++++ SOURCE DATA ++++

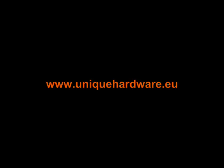If you want to learn more about products and tutorials from Unique Hardware, please visit www.uniquehardware.eu.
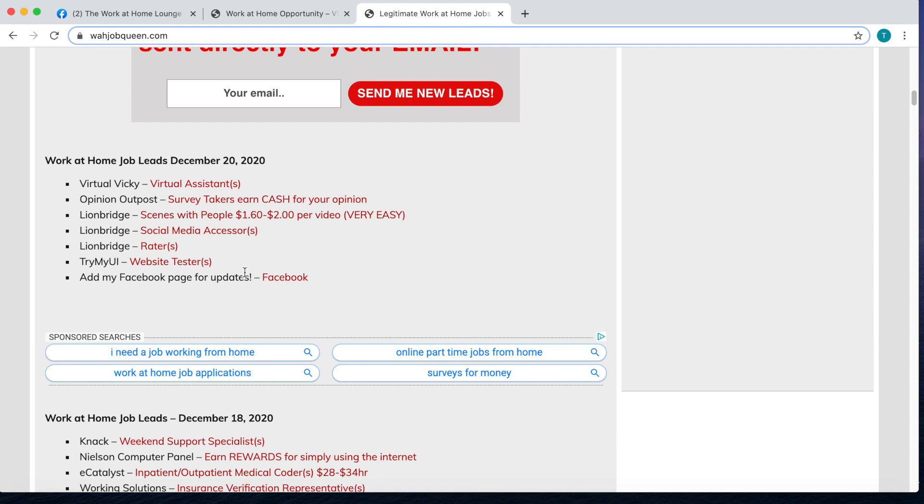I did update it with some short task gigs that are hiring right now yesterday, so also check those out as well. Remember do not just stay under today's date or yesterday's date, just keep scrolling. As long as the link still works they're still hiring. But the main thing that you want to do is definitely join in on this virtual hiring event that Sitel is having.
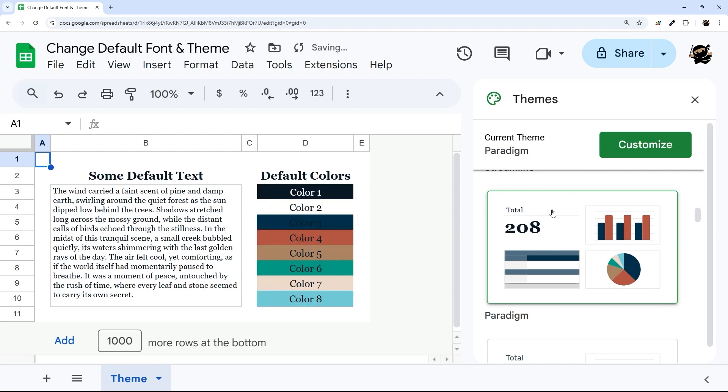So I'm just going to pick one here, and you can see that everything just changed both for the colors and the text.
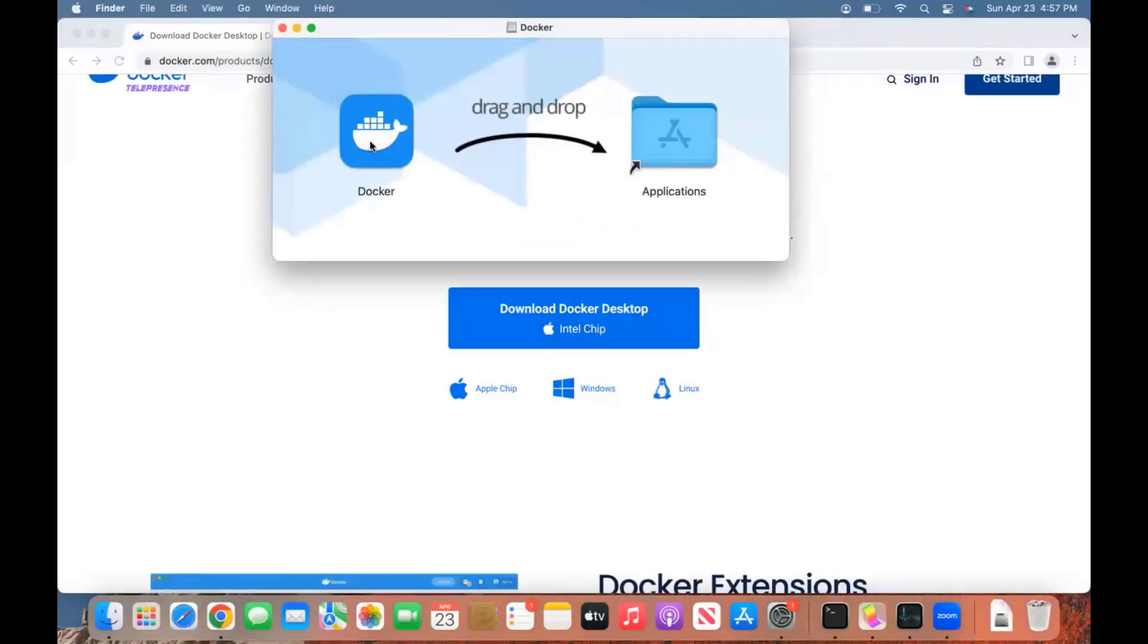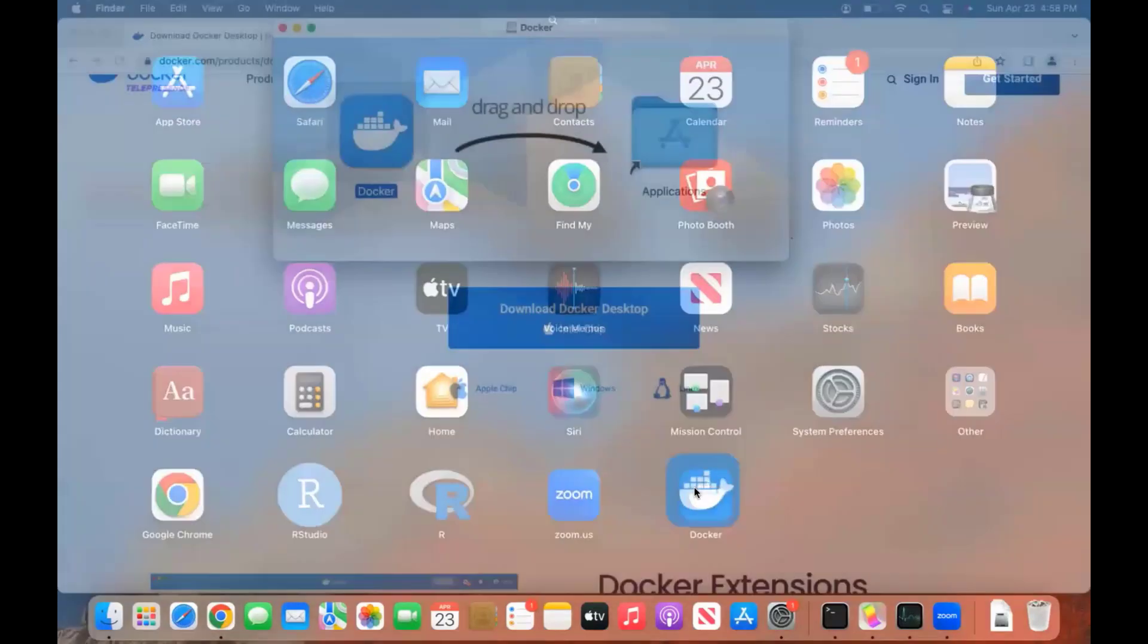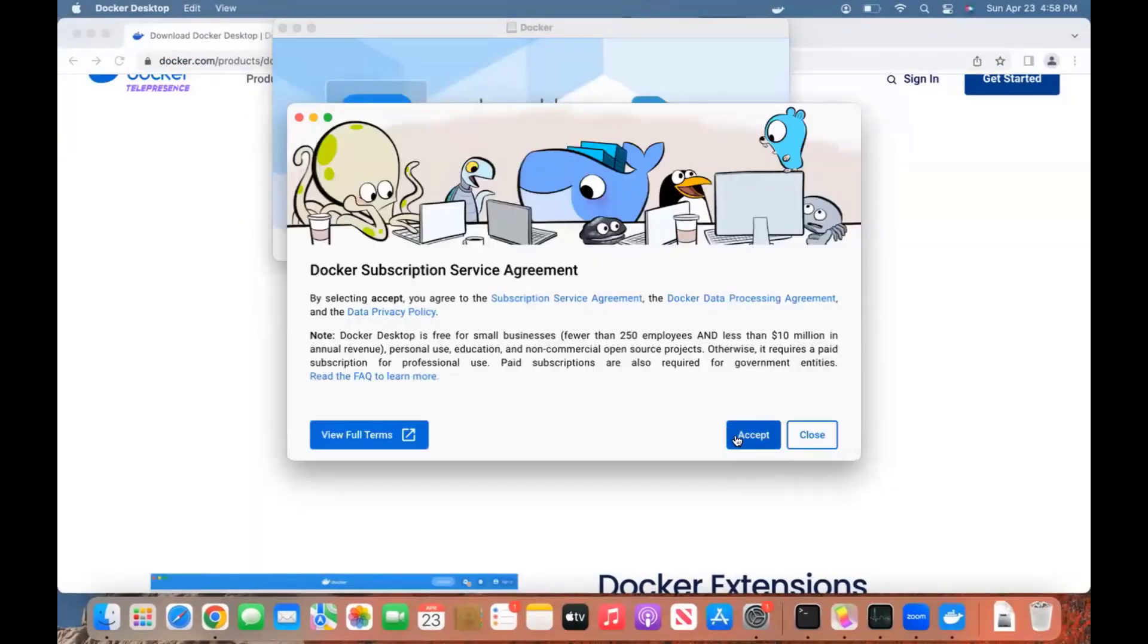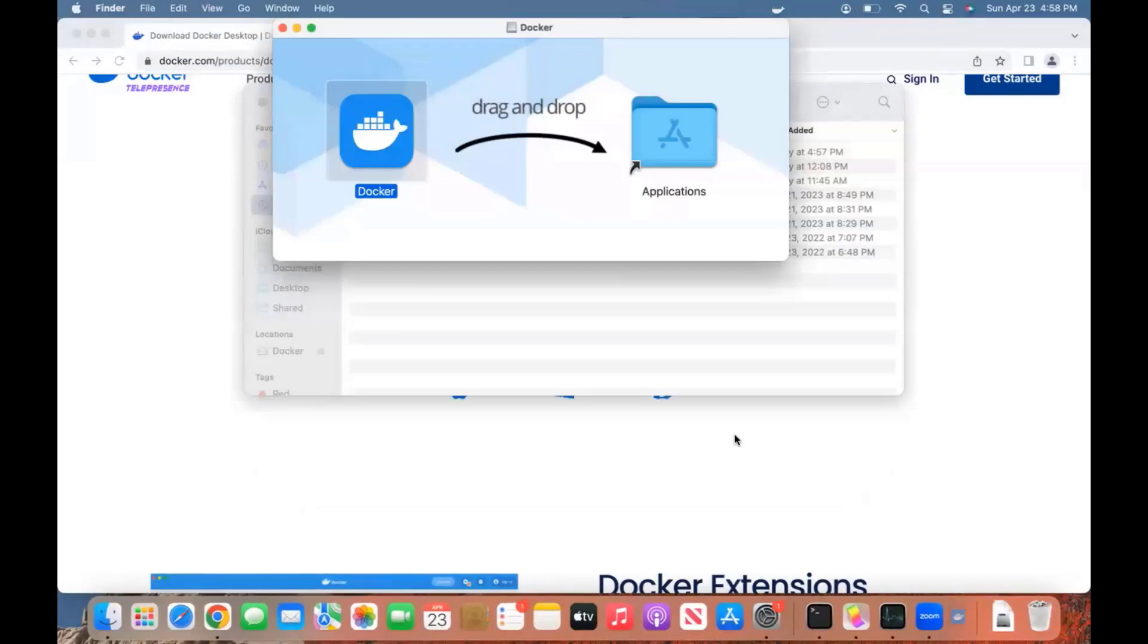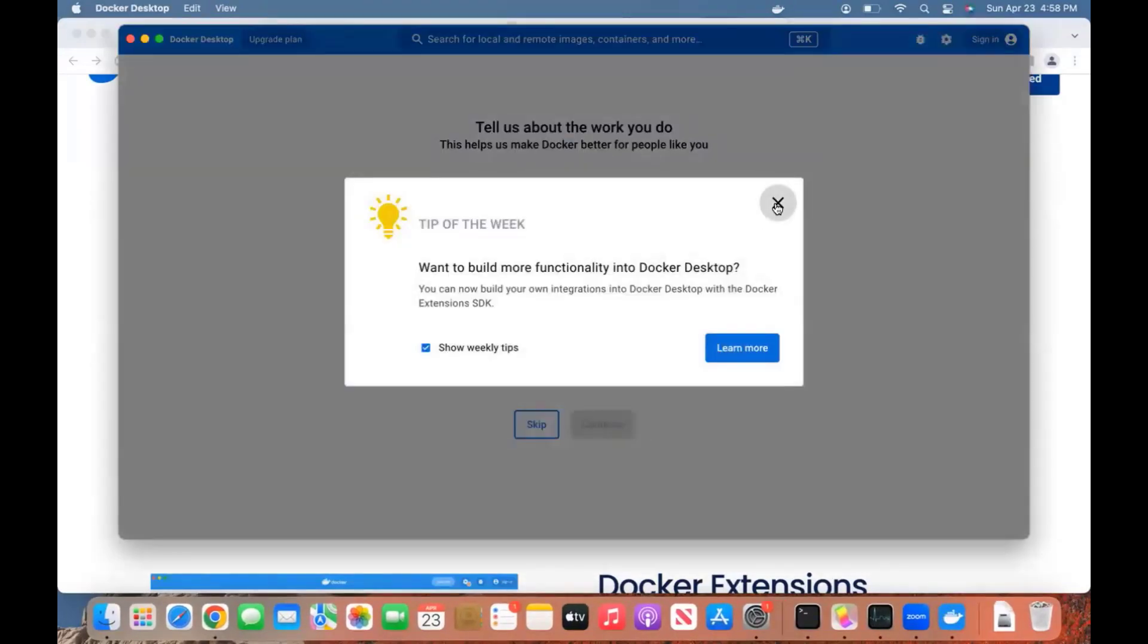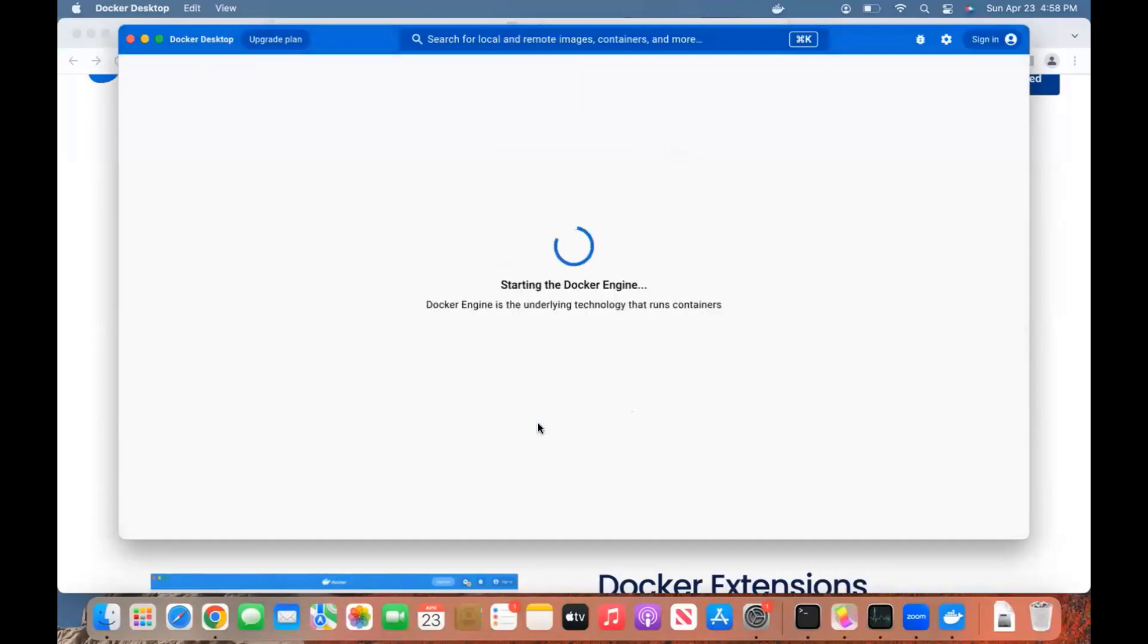Open this, and all we need to do now is, as you can see from the popup, drag this to Applications. You can double-click here to open it. I'll skip this.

++++

» **EXERCISE**: Give back the full listing verbatim, skipping each picture.

» **EXERCISE ANSWER**:
If you want to learn more about products and tutorials from Unique Hardware, please visit www.uniquehardware.eu.
I did update it with some short task gigs that are hiring right now yesterday, so also check those out as well. Remember do not just stay under today's date or yesterday's date, just keep scrolling. As long as the link still works they're still hiring. But the main thing that you want to do is definitely join in on this virtual hiring event that Sitel is having.
So I'm just going to pick one here, and you can see that everything just changed both for the colors and the text.
Open this, and all we need to do now is, as you can see from the popup, drag this to Applications. You can double-click here to open it. I'll skip this.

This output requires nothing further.